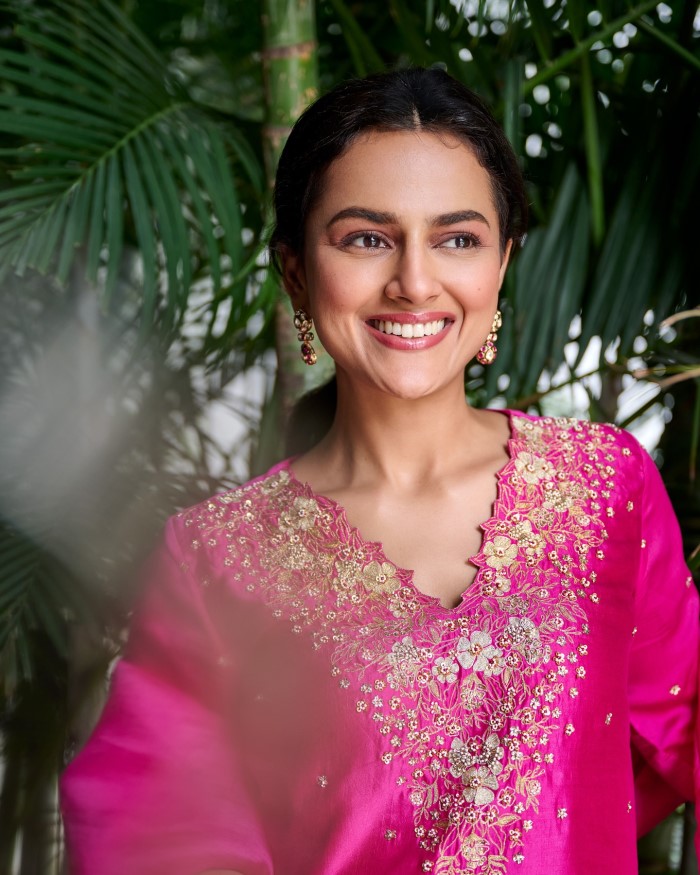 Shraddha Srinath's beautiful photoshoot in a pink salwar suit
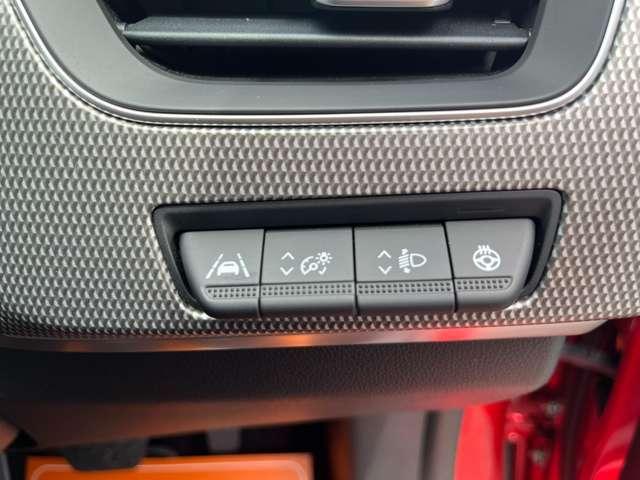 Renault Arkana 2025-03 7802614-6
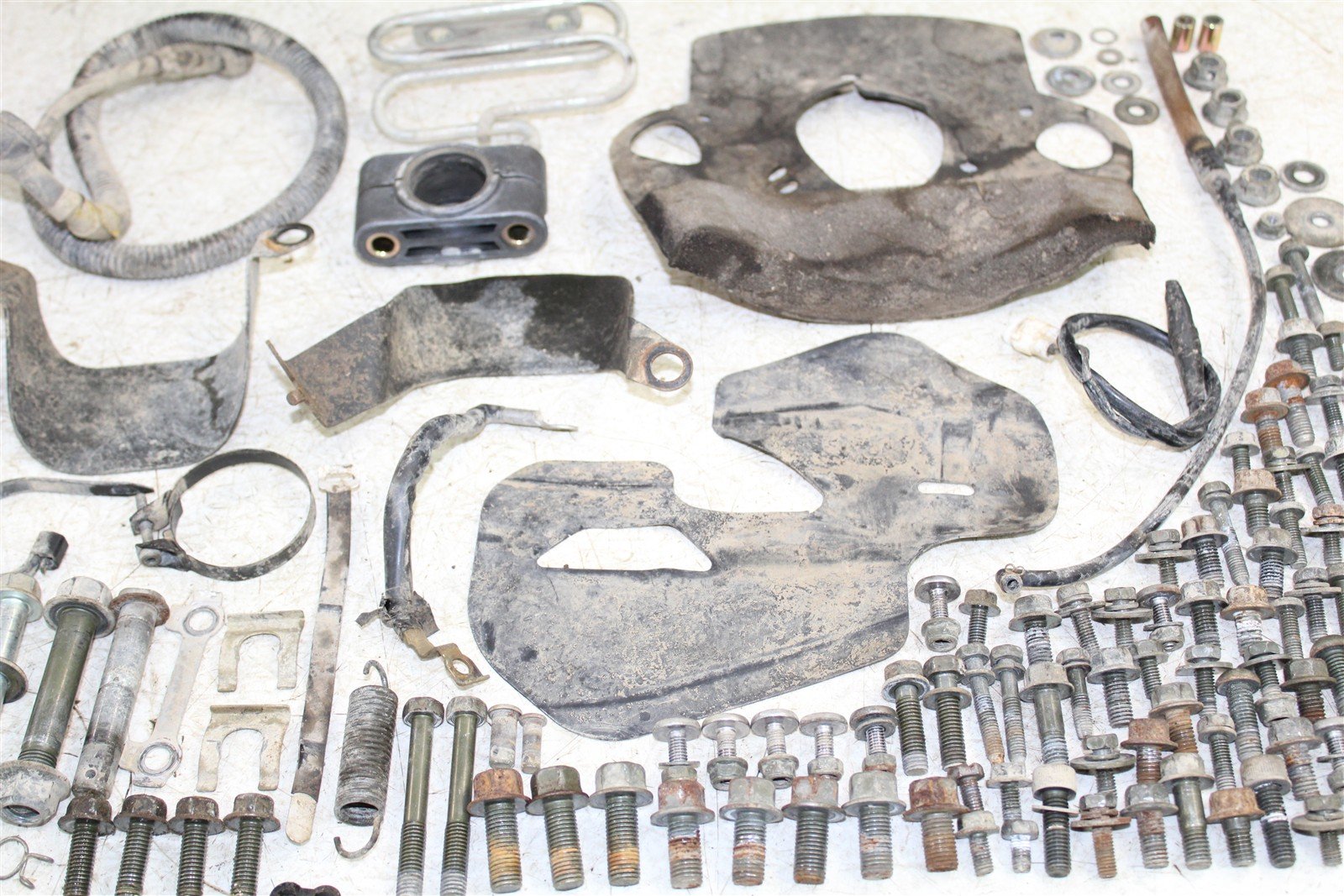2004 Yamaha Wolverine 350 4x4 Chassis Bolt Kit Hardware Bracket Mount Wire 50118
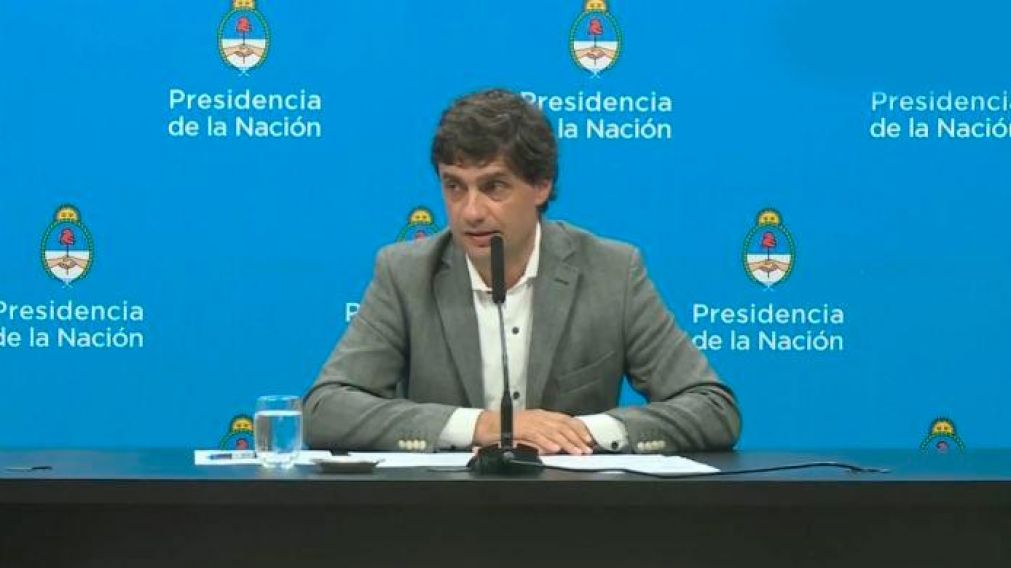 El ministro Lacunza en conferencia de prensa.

= = = =

▸ **REQUIREMENT**
Without changing a word, restate the listing above; the pictures stay out.

▸ **SOLUTION TO THIS PROBLEM**
 Shraddha Srinath's beautiful photoshoot in a pink salwar suit
 Renault Arkana 2025-03 7802614-6
2004 Yamaha Wolverine 350 4x4 Chassis Bolt Kit Hardware Bracket Mount Wire 50118
 El ministro Lacunza en conferencia de prensa.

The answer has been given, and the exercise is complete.